Les artisans et commerçants ne pourront bientôt plus voir leur patrimoine personnel saisi et se retrouver ruinés en cas de faillite, a promis mercredi le gouvernement, en présentant un projet de loi qui veut aussi inciter à la création d'entreprises.
"C'est une nouvelle barrière à l'envie d'entreprendre qui tombe", a déclaré la ministre de l'Economie, Christine Lagarde.
Le projet de loi, annoncé début janvier par Nicolas Sarkozy, et présenté mercredi en conseil des ministres, instaure la création de l'entreprise individuelle à responsabilité limitée (EIRL).
Désormais, les entrepreneurs individuels (commerçant, artisan ou libéral) pourront affecter une partie de leur patrimoine à leur activité - par une déclaration auprès des chambres de commerce ou de métier - et protéger le reste de leurs biens.
En cas de faillite, leurs biens personnels ne pourront plus être saisis, comme c'est déjà le cas dans les sociétés (SA, SARL...).
Ils pourront aussi choisir d'être soumis à l'impôt sur le revenu ou à l'impôt sur les sociétés.
"Le texte, innovant juridiquement, va permettre d'éviter que les entrepreneurs en nom propre puissent être ruinés en cas de faillite", a résumé Hervé Novelli, secrétaire d'Etat chargé des PME.
Ils représentent aujourd'hui 1,5 million de chefs d'entreprise, soit près de la moitié des entreprises existantes en France.
L'an dernier, à cause de la crise notamment, les faillites d'entreprises ont atteint un nombre record (61.595). Or une faillite sur quatre était celle d'une entreprise individuelle, plus petite donc plus vulnérable.
Parce que les artisans pourront désormais "opter pour le statut d?entreprise individuelle sans pour autant risquer de mettre toute leur famille à la merci des créanciers", l'Union professionnelle artisanale (UPA) a salué une "réelle avancée".
Pour Edith Lenain, conjointe d'artisan charpentier et présidente de l'UPA des Pays de la Loire, le projet de loi pourrait ainsi éviter des drames personnels.
"J'ai connu une entreprise de deux salariés, spécialisée dans la charpenterie, contrainte de déposer le bilan après une faillite de son donneur d'ordre", raconte-t-elle.
"Après avoir licencié ses salariés, l'artisan a dû vendre sa maison; les biens de sa conjointe, qui avait touché un héritage, ont été saisis, et ça s'est terminé par un divorce".
En permettant à l'artisan ou au commerçant de "cantonner" les biens qu'il veut affecter à son entreprise, le projet de loi est aussi destiné à "encourager la prise de risque", a souligné Christine Lagarde.

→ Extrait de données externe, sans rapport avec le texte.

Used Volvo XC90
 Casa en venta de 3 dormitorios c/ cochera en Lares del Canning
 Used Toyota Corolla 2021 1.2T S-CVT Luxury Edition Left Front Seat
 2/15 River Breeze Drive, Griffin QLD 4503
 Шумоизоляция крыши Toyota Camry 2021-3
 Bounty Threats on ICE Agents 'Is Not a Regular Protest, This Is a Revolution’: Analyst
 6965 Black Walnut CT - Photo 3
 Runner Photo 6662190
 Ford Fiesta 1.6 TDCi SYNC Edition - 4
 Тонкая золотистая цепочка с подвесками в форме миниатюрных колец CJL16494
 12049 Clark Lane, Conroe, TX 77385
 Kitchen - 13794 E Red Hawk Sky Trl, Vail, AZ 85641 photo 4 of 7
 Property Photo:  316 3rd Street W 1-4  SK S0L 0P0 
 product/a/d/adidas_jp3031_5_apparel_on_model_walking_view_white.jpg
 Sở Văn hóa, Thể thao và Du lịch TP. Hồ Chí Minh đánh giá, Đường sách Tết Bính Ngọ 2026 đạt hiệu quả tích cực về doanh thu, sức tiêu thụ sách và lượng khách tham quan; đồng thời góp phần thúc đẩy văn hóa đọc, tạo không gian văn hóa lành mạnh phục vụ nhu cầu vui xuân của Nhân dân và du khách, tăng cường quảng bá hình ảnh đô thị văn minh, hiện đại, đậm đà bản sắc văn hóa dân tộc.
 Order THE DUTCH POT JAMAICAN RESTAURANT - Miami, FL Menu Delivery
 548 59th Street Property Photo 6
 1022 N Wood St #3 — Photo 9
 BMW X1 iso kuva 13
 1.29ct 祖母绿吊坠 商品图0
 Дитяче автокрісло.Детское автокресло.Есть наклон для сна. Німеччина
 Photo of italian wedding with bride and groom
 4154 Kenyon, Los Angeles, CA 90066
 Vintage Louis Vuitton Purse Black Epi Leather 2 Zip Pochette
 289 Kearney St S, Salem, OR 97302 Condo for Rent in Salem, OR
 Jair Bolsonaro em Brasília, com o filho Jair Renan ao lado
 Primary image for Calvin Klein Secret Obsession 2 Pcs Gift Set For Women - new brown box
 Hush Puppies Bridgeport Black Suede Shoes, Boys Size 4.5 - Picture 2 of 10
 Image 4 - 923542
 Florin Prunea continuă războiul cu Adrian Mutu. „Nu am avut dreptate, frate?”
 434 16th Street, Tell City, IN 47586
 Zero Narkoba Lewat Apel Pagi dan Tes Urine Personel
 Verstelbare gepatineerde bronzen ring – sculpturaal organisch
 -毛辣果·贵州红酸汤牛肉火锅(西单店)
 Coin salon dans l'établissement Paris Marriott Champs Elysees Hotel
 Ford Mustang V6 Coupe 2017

L'an dernier, 580.193 entreprises ont été créées en France, soit une hausse de plus de 75% par rapport à 2008, selon l'Insee. Une accélération due au succès du nouveau statut de l'auto-entrepreneur, qui permet de développer une activité pour accroître ses revenus, avec des démarches simplifiées et un régime fiscal avantageux, et qui est aussi concerné par le projet de loi.
Une inquiétude perdure cependant: "Il faudra empêcher les établissements bancaires d?exiger une caution autre que celle relevant du patrimoine affecté à l?entreprise", prévient l'UPA.
Rien n'empêchera en effet les banques d'exiger une caution personnelle pour consentir un crédit à un entrepreneur individuel.
"Nous allons adosser un dispositif qui permettra à Oséo (la banque publique des PME, ndlr) ou la Siagi (société de caution de l'artisanat, ndlr) de venir garantir le soutien financier remplaçant la caution personnelle de l'entrepreneur individuel", a promis Hervé Novelli.